In the second part of my talk, I will discuss two recent projects on using computer vision to analyze images in the media, which often have persuasive intents that lie beyond the physical content. As a first step in understanding persuasion in the visual media, we released a dataset of 64,832 image ads, and a video dataset of 3,477 ads, containing rich annotations about the subject, sentiment, and rhetoric of the ads. The key task we focus on is the ability of a computer vision system to answer questions about the actions the viewer is prompted to take and the reasoning that the ad presents to persuade the viewer. To help perform this task, we focus on two challenges: decoding the symbolic references that ads make (e.g. a dove symbolizes peace), and recognizing objects in the severely non-photorealistic portrayals that some ads use. In a second media understanding project, we develop a method that captures photographers’ styles and predicts the authorship of artistic photographs. To explore the feasibility of current computer vision techniques to address photographer identification, we create a new dataset of over 180,000 images taken by 41 well-known photographers. We examine the effectiveness of a variety of features and convolutional neural networks for this task. We also use what our method has learned to generate new “pastiche” photographs in the style of an author.
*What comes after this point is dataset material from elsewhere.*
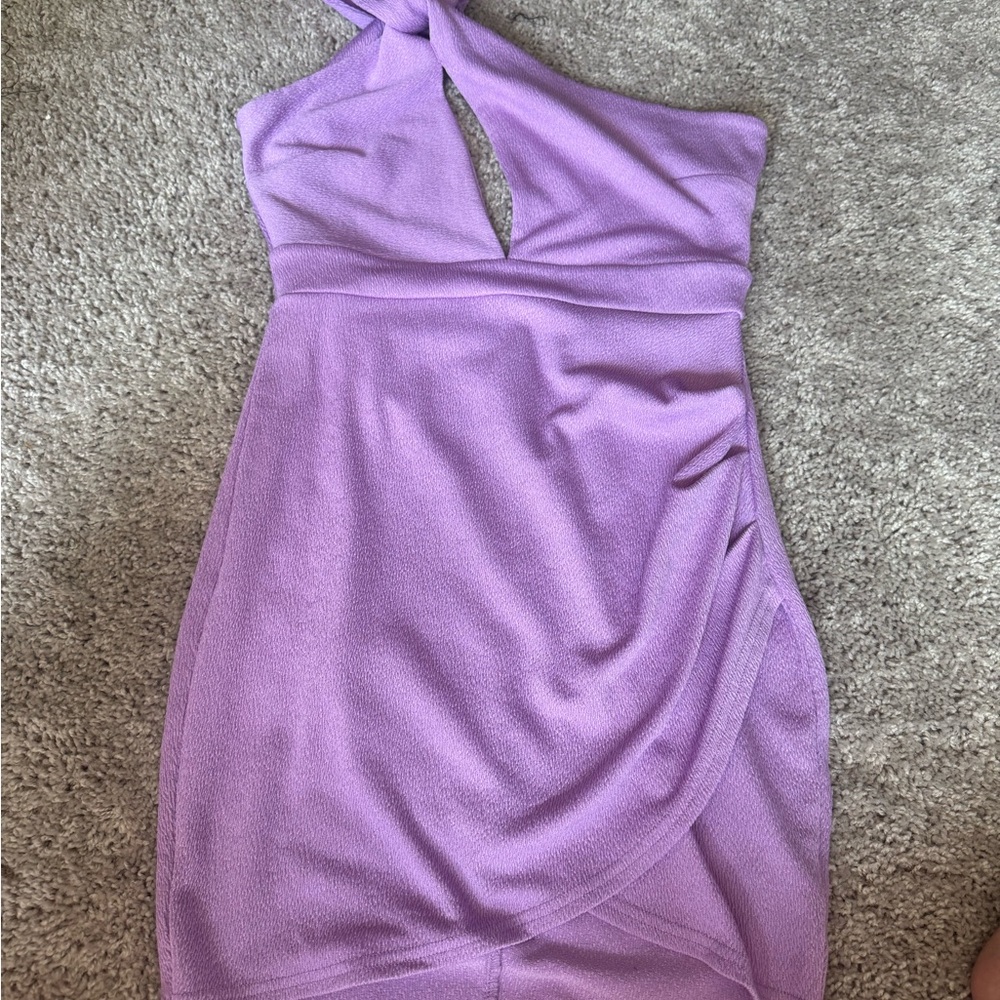Elegant Purple Women's Dress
Adriana Kovashka is an Assistant Professor in Computer Science at the University of Pittsburgh. She received her PhD in 2014 from The University of Texas at Austin. Her research interests primarily lie in computer vision, with some overlap in machine learning, information retrieval, natural language processing, and human computation. Her work is funded by two NSF grants and a Google Faculty Research Award. Her research has been published in the top computer vision conferences, such as Computer Vision and Pattern Recognition (CVPR) and the International Conference on Computer Vision (ICCV), as well as the annual conference of the Association for Computational Linguistics (ACL). She has served as Area Chair for CVPR 2018, Tutorial Chair for WACV 2018, and Doctoral Consortium Chair for CVPR 2015-2017.